It's 1992, and I finally get a computer that can actually DO stuff. A 486 running Windows 3.1. My first realy game for that? "The Lost Treasures of Infocom" 1 and 2.

I'd always loved Zork games, and having the entire (almost) archive of Infocom text based "interactive fiction" games really appealed to me. One of the games in that package was "A Mind Forever Voyaging" by Steve Meretzky. It's a game that left a deep impact in how it predicts the future.

The game involves Perry Simm, who has recently been told he is a computer simulation of a human raised "in world" since birth, asked to run simulations of a governmental "Plan for Renewed National Purpose." The plan being a (what was then) exaggerated form of the Reagan Administration's policies, something that wasn't on 18 year old Jenn's brain at the time.

The simulation involved the world 20, 30, 40 and 50 years after being enacted. Basically, the plan was pretty much lowering taxes, deregulation, privatization of services and a return to "traditional values." There's actually not a lot to the game. The bulk of it being exploring the simualtion as time goes on. But as time goes on, you see that things, while better at first, go quite off the deep end as time goes on.

I'm going off memory of a game I played thirty plus years ago, but....

At the 20 year mark, everything is actually going very well. Everyone is doing better, technology is moving along, everyone seems prosperous. The rich are getting richer, but so are the folks who aren't rich. There's one thing, though. The fundamentalist "Church of God's Will" has started getting involved with politics. At first just influencing policy, but eventually leading to overturning the seperation of Church and State.

As the years go on, a local Chinese restaurant you go to is cleaning racist grafitti off it's storefront. The Preident now has far more power than the other branches of government and is in power for longer. The Schools are now all private, and mostly run by the Church of God's Will. Eventually the most of the civil services in the city become pay services or eventually privatizes.

Later on, the church runs the police, rationing is everywhere. Your family, who had moved into an apartment at the beginning of the game hoping for a better life, are living there decades later barely able to aford rent. The rich live mainly isolated in a large apartment building downtown, where you can't get into (And infact being pushed away when trying to enter becomes more and mroe violent as the years move on). The Zoo becomes private. Eventually it's shut down with a terrible smell coming from it, implying it was just straight up abandonned.

This game was written in 1985.

While it does go off the deep end (gladiator fights in the stadium near the end, monkey torture time at the zoo, and your born-again son sending your wife to a gulag because she spoke against religion), the mechanics of the game...living in this world....making relationships with the people around you and the places...and seeing how it's going downhill...it left a mark in me.

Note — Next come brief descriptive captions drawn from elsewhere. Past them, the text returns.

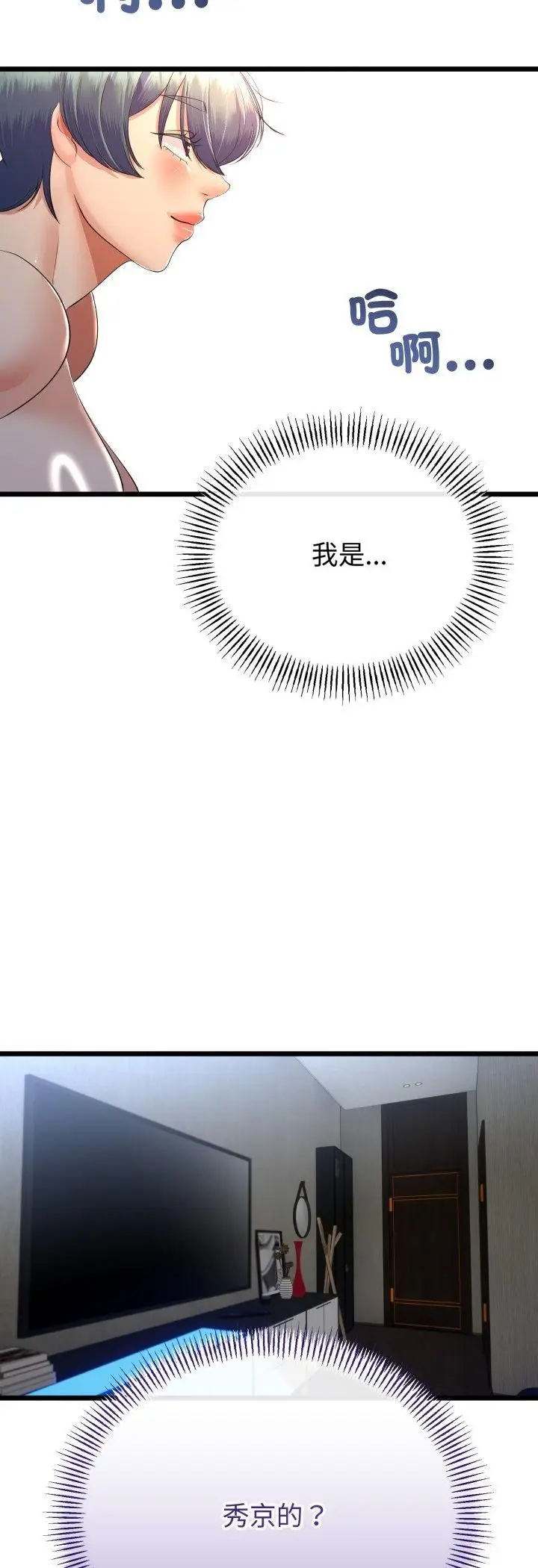 漫画《与初恋的意外同居》第63话第3张图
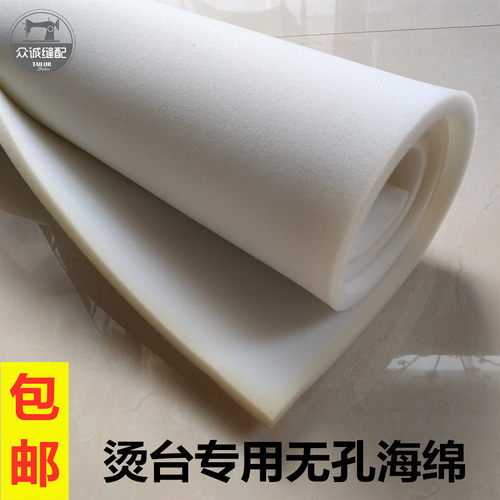 干洗店专用特级无孔海绵烫台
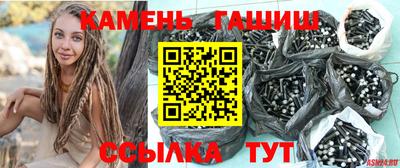ешки Гусев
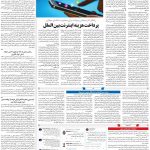 صفحه ۰۷ – ۲۰ شهریور ۱۳۹۹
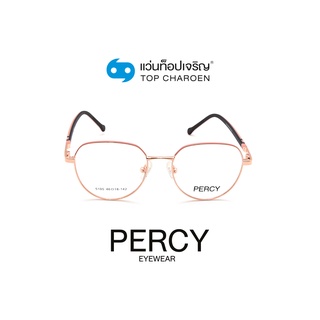 PERCY แว่นสายตาทรงหยดน้ำ 5105-C2 size 46 By ท็อปเจริญ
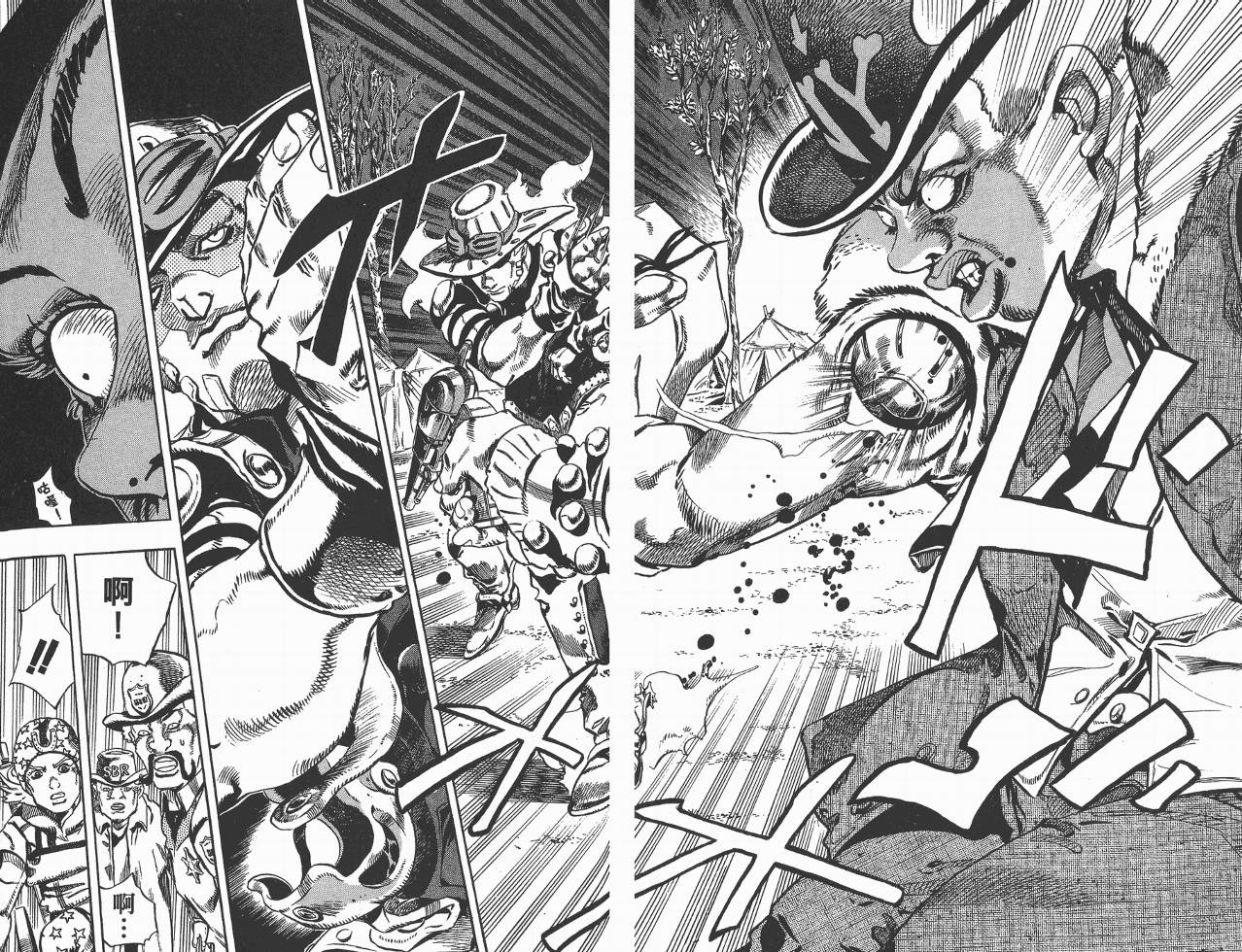 SBR飙马野郎 第1卷 第40页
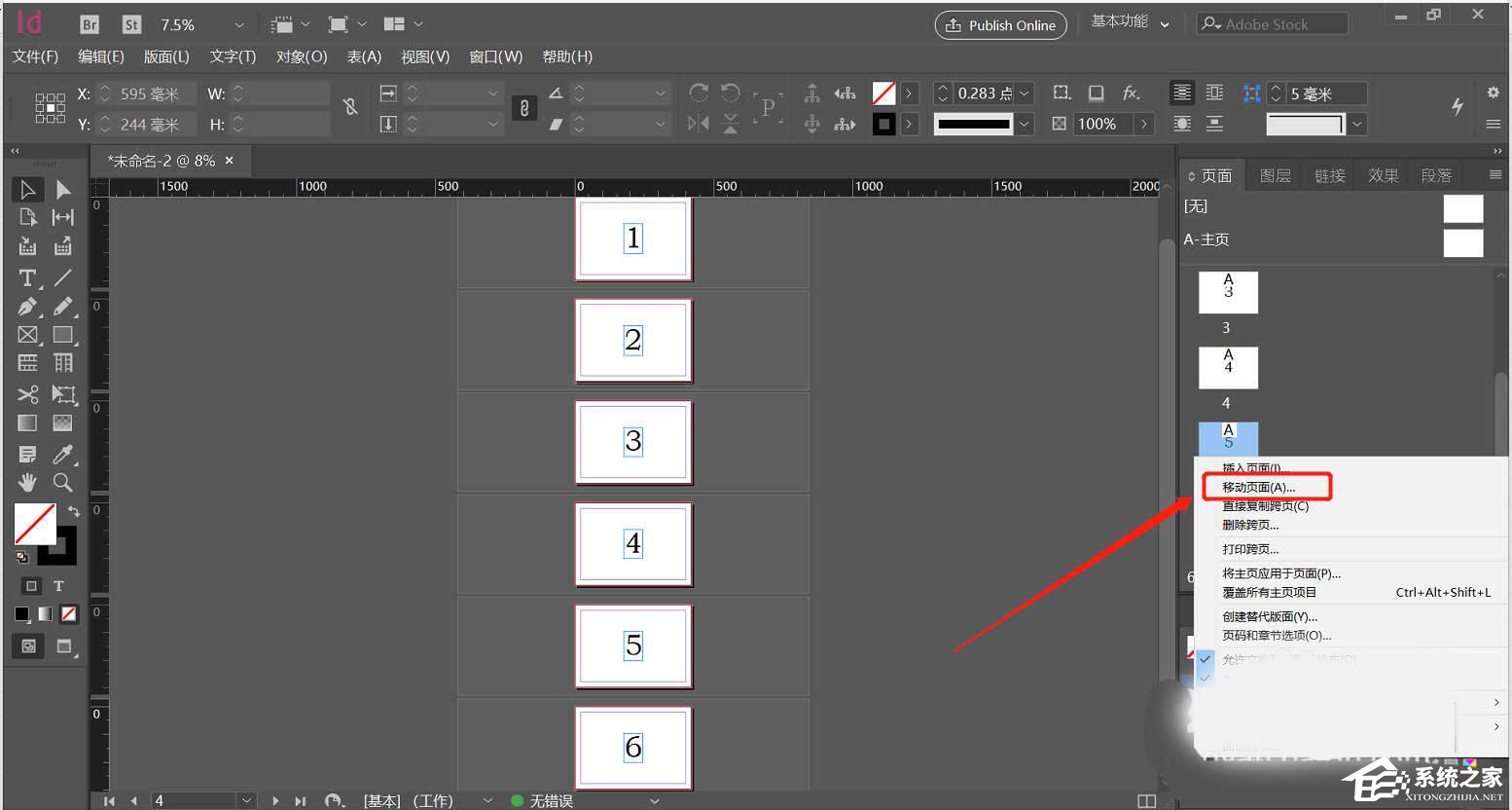 Indesign移动页面到指定位置的方法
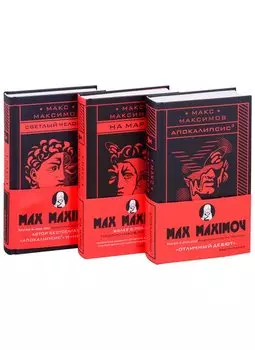 Max Maximov. Три бестселлера: Апокалипсис3. На Марс! Светлый человек (комплект из 3 книг)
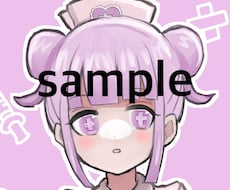 アイコンイラスト描きます イメージ1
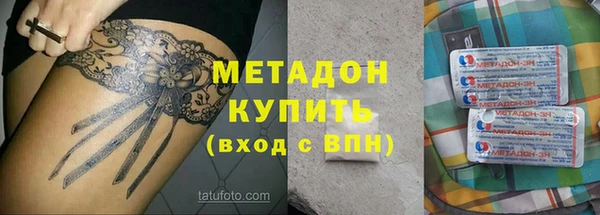 дистиллят марихуана Алексин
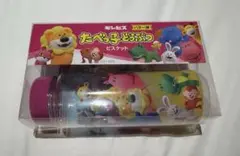 ★プライズ　たべっ子どうぶつ クリアボトル ビスケット付き バター味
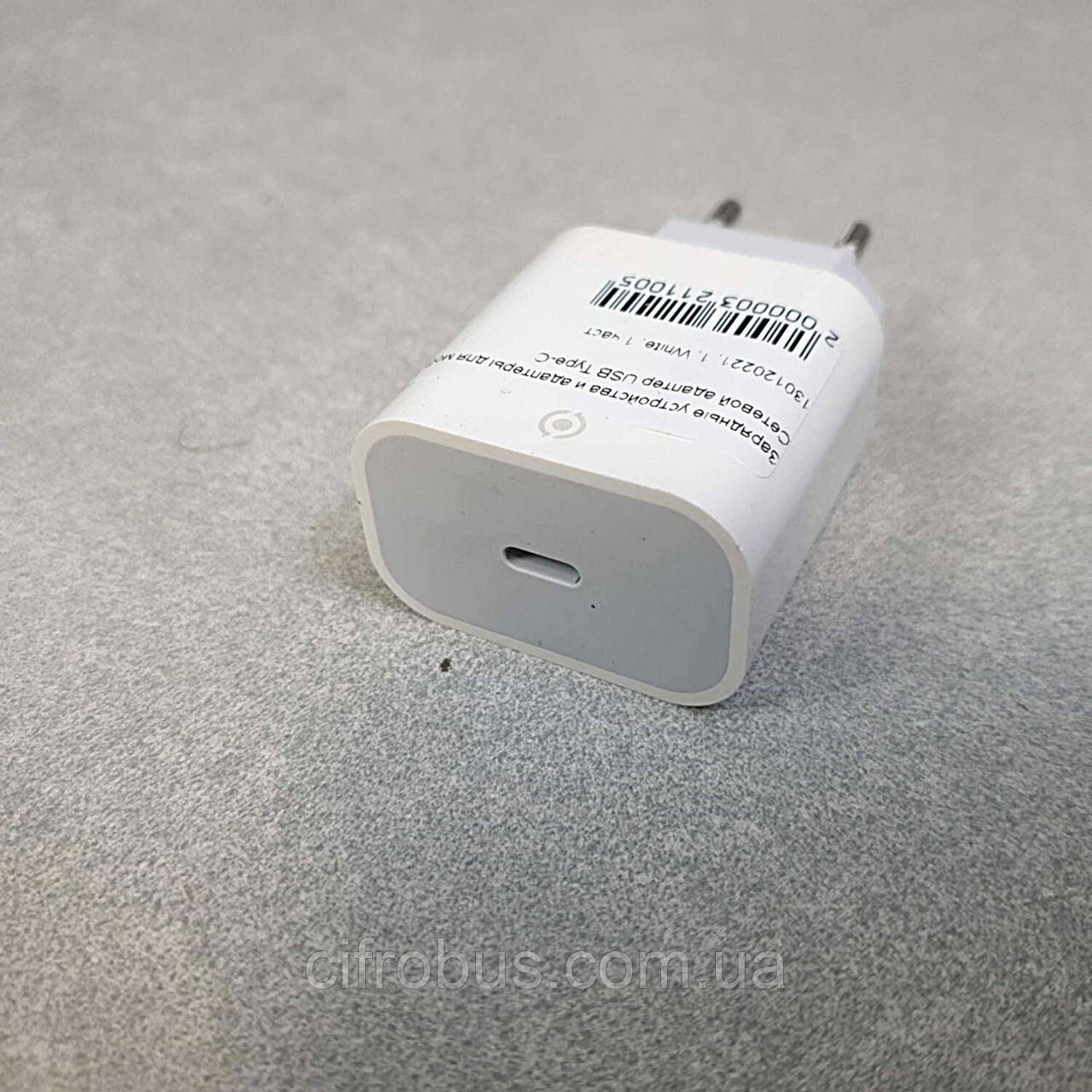 Зарядний пристрій Б/К Мережевий адаптер USB Type-C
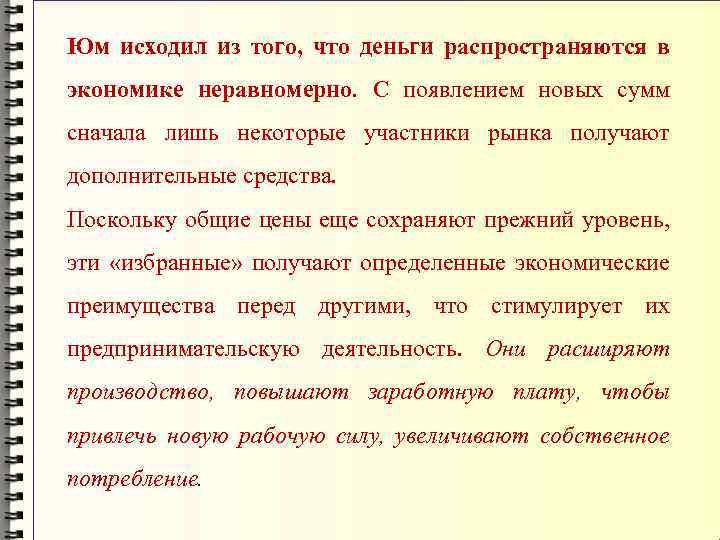 Юм исходил из того, что деньги распространяются в экономике неравномерно. С появлением новых сумм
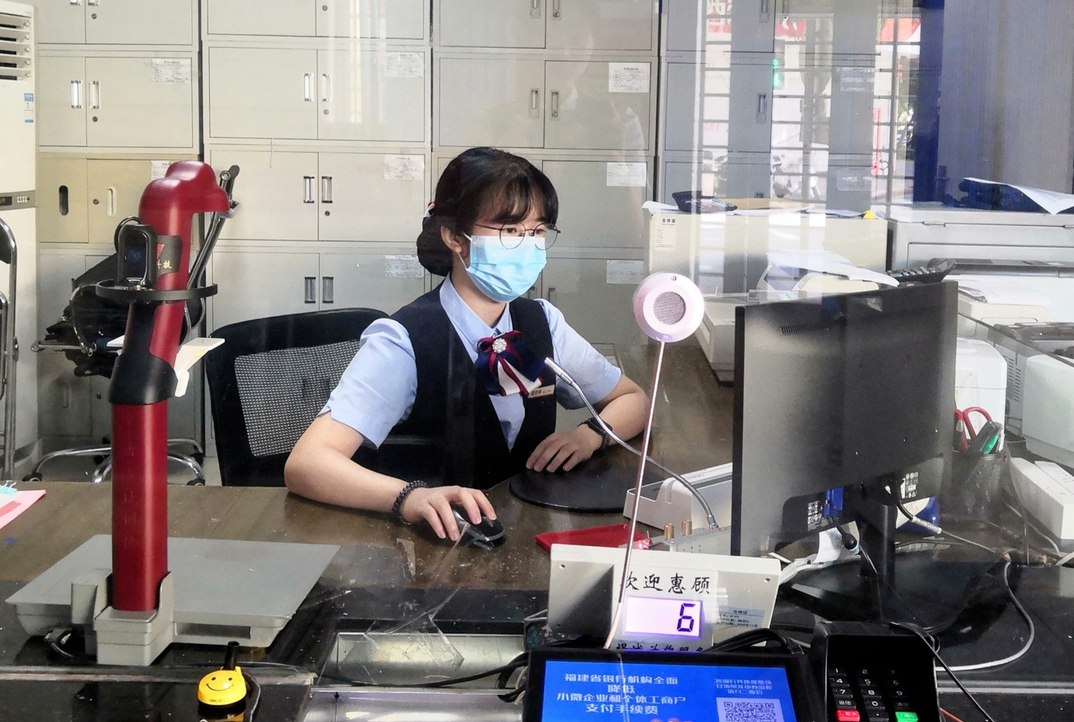 【國慶我在崗】國慶小長假，羅源農信聯社為您的金融服務保駕護航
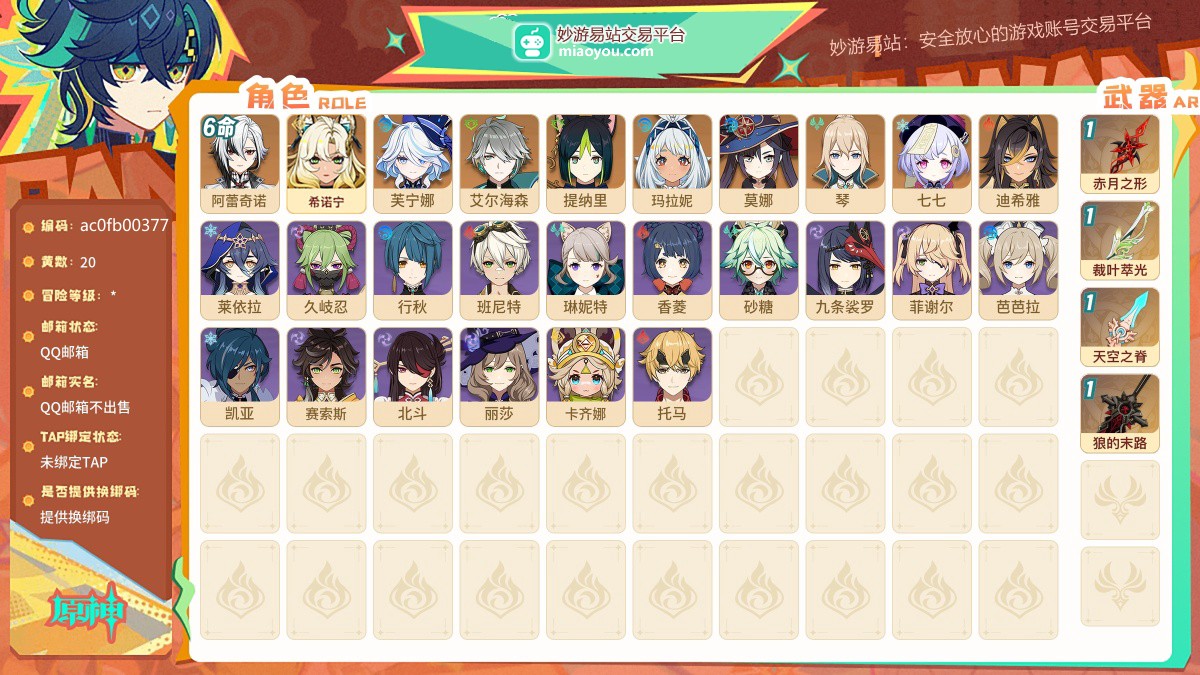 20黄，男主，10个五星角色:满命阿蕾奇诺，希诺宁，芙宁娜，艾尔海森，提纳里，玛拉妮，莫娜，琴，七七，迪希雅，4个五星武器:精1赤月之形，精1裁叶萃光，精1天空之脊，精1狼的末路，【QQ邮箱】【QQ邮箱不出售】【自主截图】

It wasn't until about 2000 I started noticing...we're living the game now. The plan is enacted through the various Reagan era policies, and while they were slowed down during the Clinton Administration, the second Bush one accellerated it again.

And I didn't want that world I saw in A Mind Forever Voyaging for anyone. Sadly, I've watched as it continued it's march forward. What took 20 years in the game has taken about forty in the real world. We prospered for a while, but it's now taking a down turn as the rich get richer, and the poor get poorer.

I'm only sad it took me another twenty years to get involved. And sadder than it took someone else dragging me out of a self-imposed isolation to do it.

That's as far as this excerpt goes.